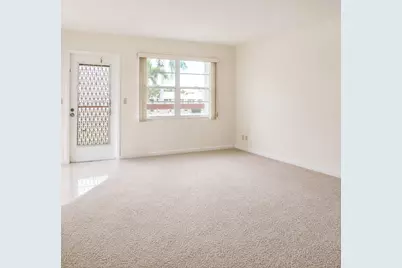 66 Brighton, Boca Raton, FL 33434 - Photo 2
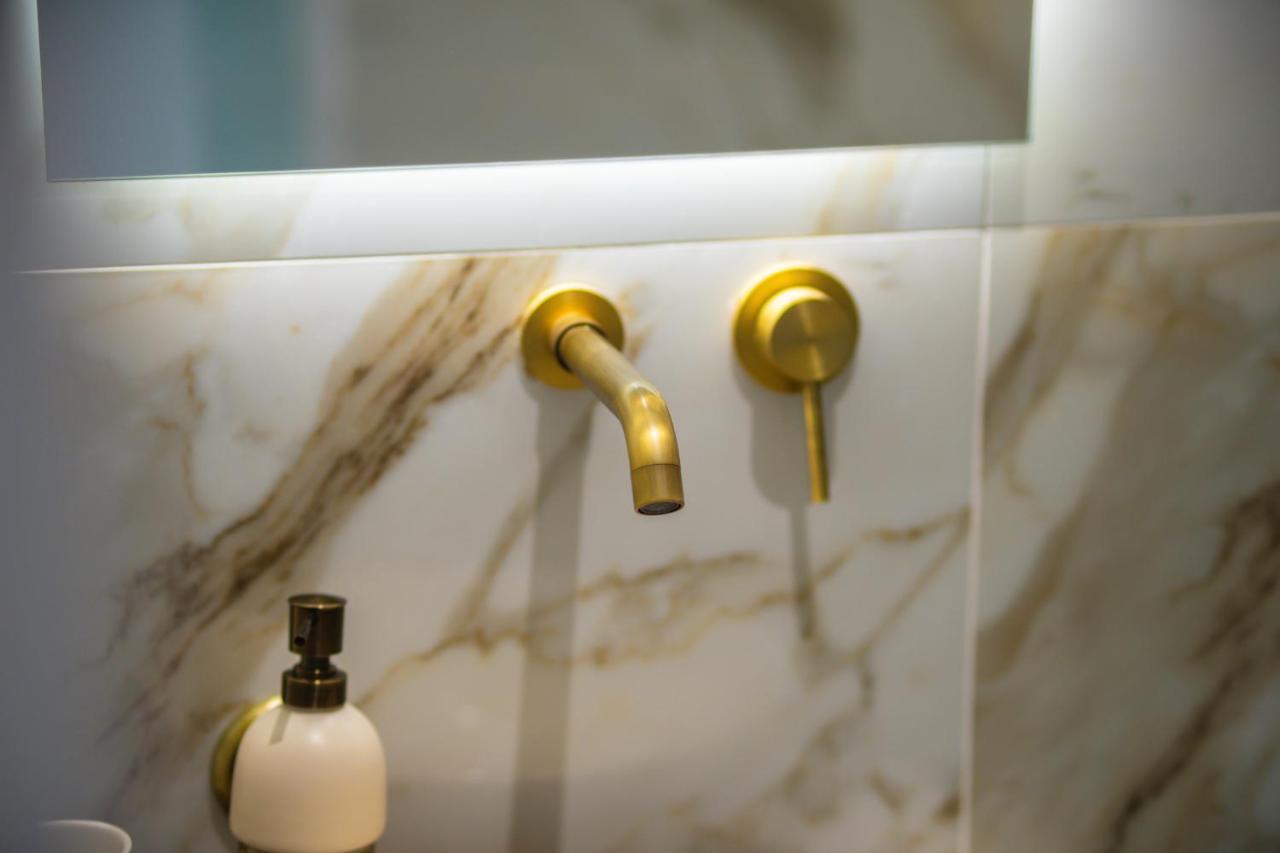 Δvo Luxury Apartment อายิโอสนิโกลาโอส ภายนอก รูปภาพ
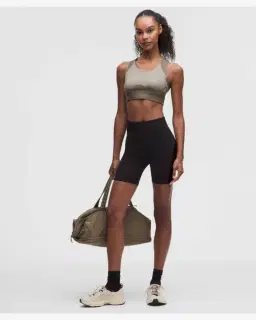 Lululemon brassière dos nageur à effet brillant license to train maintien moyen, bonnets b/c Femme – 3/5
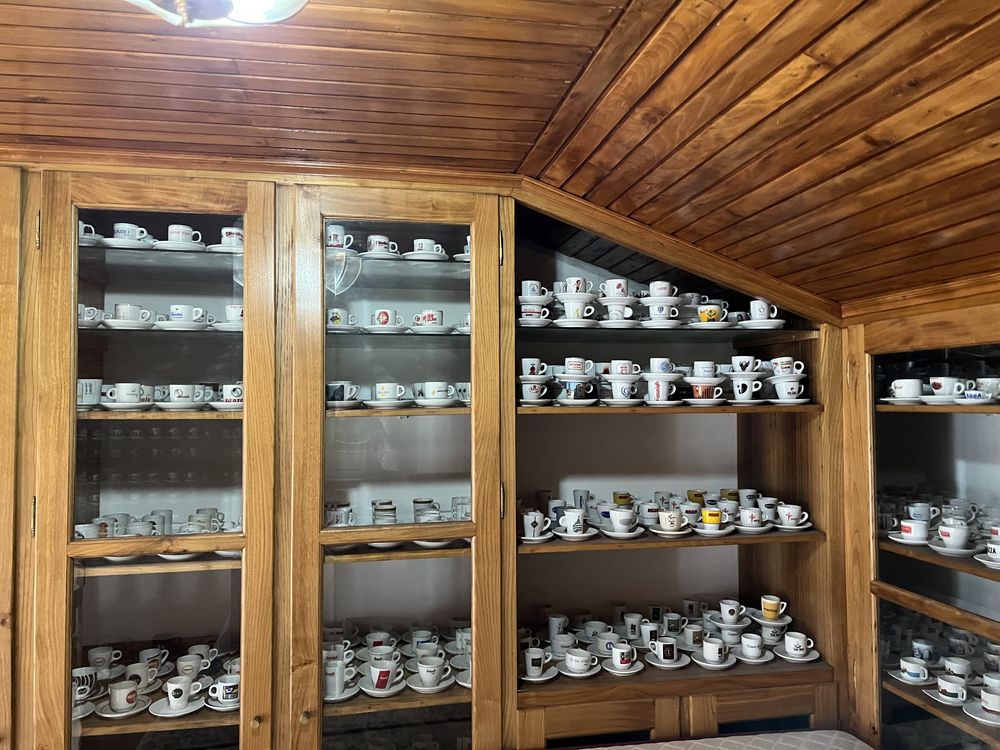 Coleção de 1255 Chavenas de Café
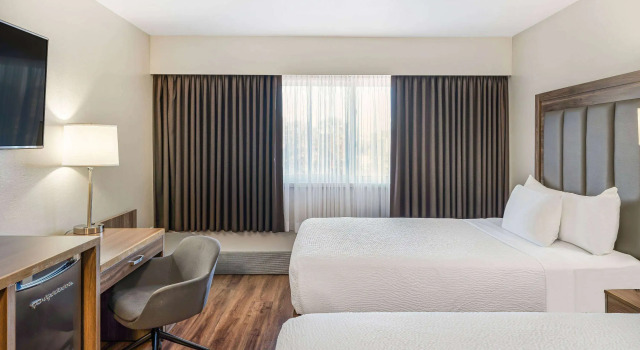 Days Inn by Wyndham Victoria On The Harbour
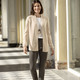 Jacken, Westen & Sets - Strickjacke mit dekorativer Struktur – Farbe BEIGE MELIERT – Ansicht 3 Jacken, Westen & Sets - Strickjacke mit dekorativer Struktur, in Größe L(44/46) bis XXL(52/54), in Farbe BEIGE MELIERT – Farbe BEIGE MELIERT – Ansicht 3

## Exercise instructions
With the pictures removed, return all the entries exactly.

## Exercise result
 66 Brighton, Boca Raton, FL 33434 - Photo 2
 Δvo Luxury Apartment อายิโอสนิโกลาโอส ภายนอก รูปภาพ
 Lululemon brassière dos nageur à effet brillant license to train maintien moyen, bonnets b/c Femme – 3/5
 Coleção de 1255 Chavenas de Café
 Days Inn by Wyndham Victoria On The Harbour
 Jacken, Westen & Sets - Strickjacke mit dekorativer Struktur – Farbe BEIGE MELIERT – Ansicht 3 Jacken, Westen & Sets - Strickjacke mit dekorativer Struktur, in Größe L(44/46) bis XXL(52/54), in Farbe BEIGE MELIERT – Farbe BEIGE MELIERT – Ansicht 3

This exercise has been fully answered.